He’s a 5 year old registered Tennessee Walking Horse. He’s solid black except for a white star roughly in the shape of Alaska on his forehead. I had been feeling very ill (I didn’t yet know I had Lyme disease) and had started to try to accomplish some of the things on my bucket list because it felt like I was running out of time. I had always wanted to saddle train my own horse, and Rocket was the perfect horse for me to try with. He was well within my very small budget, had been imprinted at birth, and had worked as a therapy horse for his first year of life. He loves people and is dog gentle. I bought him as a yearling, put 20 or 30 fifteen minute rides at a walk on him at age two and a half, then several more at three and a half, and we started gaiting then, too. He had a beautiful, smooth gait. My whole heart was wrapped up in him while we were training. He was the culmination of so many dreams. He symbolized so much I had overcome and wanted to overcome.
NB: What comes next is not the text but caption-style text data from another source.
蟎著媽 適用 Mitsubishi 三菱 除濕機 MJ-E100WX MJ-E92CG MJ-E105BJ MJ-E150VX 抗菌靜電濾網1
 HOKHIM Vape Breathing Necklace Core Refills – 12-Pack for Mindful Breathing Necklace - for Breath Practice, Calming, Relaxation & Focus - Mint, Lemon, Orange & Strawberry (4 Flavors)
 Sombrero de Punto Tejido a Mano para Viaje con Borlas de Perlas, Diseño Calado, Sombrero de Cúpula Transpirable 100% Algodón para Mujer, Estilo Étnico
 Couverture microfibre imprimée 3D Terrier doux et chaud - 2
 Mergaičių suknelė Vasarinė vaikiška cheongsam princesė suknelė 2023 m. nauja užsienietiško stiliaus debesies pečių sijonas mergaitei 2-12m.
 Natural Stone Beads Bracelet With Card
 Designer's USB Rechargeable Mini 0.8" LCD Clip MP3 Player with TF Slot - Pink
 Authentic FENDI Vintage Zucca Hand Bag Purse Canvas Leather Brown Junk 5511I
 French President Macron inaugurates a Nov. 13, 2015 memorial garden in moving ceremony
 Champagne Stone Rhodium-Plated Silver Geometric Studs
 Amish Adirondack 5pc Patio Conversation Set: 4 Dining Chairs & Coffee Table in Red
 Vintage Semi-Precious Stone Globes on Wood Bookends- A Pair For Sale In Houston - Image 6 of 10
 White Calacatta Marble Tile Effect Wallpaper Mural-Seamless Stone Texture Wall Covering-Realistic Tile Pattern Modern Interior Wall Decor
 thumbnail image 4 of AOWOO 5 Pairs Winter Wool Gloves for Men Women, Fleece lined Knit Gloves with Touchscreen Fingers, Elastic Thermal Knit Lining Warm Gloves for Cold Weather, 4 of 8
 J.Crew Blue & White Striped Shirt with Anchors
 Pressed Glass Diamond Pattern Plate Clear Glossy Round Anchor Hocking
And we KNEW each other. When I first got my Haflinger mare, she would run from people, so I spent a lot of time just walking her down in the pasture, putting the halter on, patting her, then taking it off and walking away, rinse and repeat. One session, Rocket looked at her as if to say, “What’s wrong with you? Why are you running? Humans are awesome,” looked at me, looked back at her, then ran to block the arena gate so that the mare couldn’t get out and I could catch her. He drove her right to me. I didn’t particularly want him to do that but I was amazed at what he had done and how he had interpreted the situation, and how clearly I could read the succession of thoughts on his face. I’d never had one horse try to “help” me with another horse like that before and haven’t since. He was special, and he became my entire world.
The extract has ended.